Eighties Matchbox B-line Disaster and Electric Eel Shock @ the Zodiac 26/04/03
I issue an open challenge to anyone. Find me a Japanese band that I'd dislike. Electric Eel Shock have fallen at the challenge. Slightly apprehensive, having read only good reviews of the band, I was semi-expecting another product of hype. And was I wrong. The band sounded like a Japanese version of Green Day, and their limited English vocabulary only endeared us to them more. Who else could have lead a chant praising the wonders of e-mail? Ending with a chorus of 'Sex, Drugs and E-mail!' It is the way forward. What sets them apart from most Green Day soundalike bands is that they put so much into their performance, just the guitar solos from their lead singer is breathtaking enough. And what about the drummer dressed in nothing but a sock, signed copies were then available on sale at the merchandise stand, ending using his head as part of his instrument.

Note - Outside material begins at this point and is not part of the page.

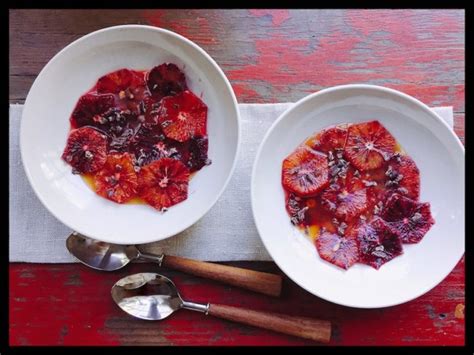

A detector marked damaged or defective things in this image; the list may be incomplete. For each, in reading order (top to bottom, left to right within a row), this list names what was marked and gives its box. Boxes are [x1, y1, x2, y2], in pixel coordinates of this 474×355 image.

peeling red paint [250, 9, 290, 26] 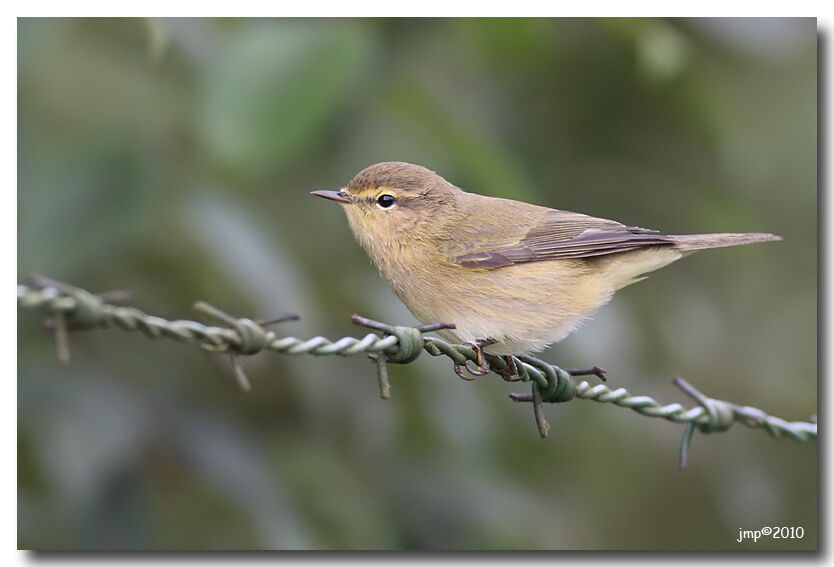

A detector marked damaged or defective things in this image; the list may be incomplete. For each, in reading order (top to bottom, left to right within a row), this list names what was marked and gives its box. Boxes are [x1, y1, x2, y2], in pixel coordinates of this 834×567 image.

rusty wire section [17, 278, 812, 468]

Eighties Matchbox B-line Disaster are a band that takes some getting used to. Like their fellow Brighton band British Sea Power, I didn't quite understand them the first time I saw time. Now it's starting to make sense. Take their lead singer Guy, he stares angrily at the audience for the whole set, but from his reactions it's difficult to tell if he's acting a part or if it's all serious. Their music sounds like the 60s surf songs, mutated in a very wrong way, but that's only to be expected from a band like theirs.